Exercise: The entire listing below is to be written out exactly, minus the pictures.

Data provided:
★ ★ ★ ★ ★

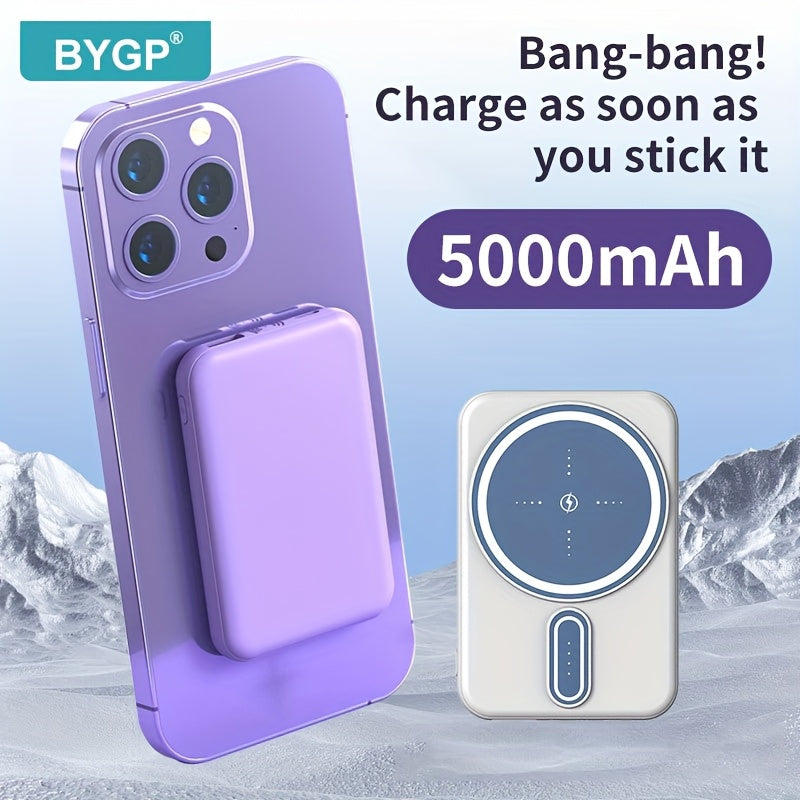 New 5000mAh Magnetic Wireless Power Bank for Apple 15 Pro / 14 Max / 13 / 12 Android Phones with LED Power Display, Portable Charger for Outdoor Travel Emergency Backup Mobile Power Supply, Gift
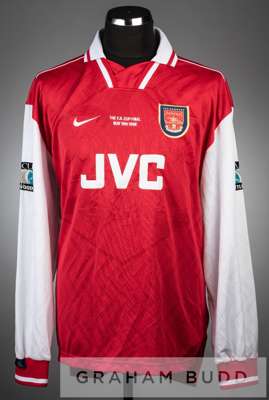 David Platt red and white Arsenal no.7 home jersey v Newcastle United in the FA Cup Final at Wembley, 16th May 1998,
 unworn long-sleeved spare, with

★ ★ ★ ★ ★

Worked solution:
 New 5000mAh Magnetic Wireless Power Bank for Apple 15 Pro / 14 Max / 13 / 12 Android Phones with LED Power Display, Portable Charger for Outdoor Travel Emergency Backup Mobile Power Supply, Gift
 David Platt red and white Arsenal no.7 home jersey v Newcastle United in the FA Cup Final at Wembley, 16th May 1998,
 unworn long-sleeved spare, with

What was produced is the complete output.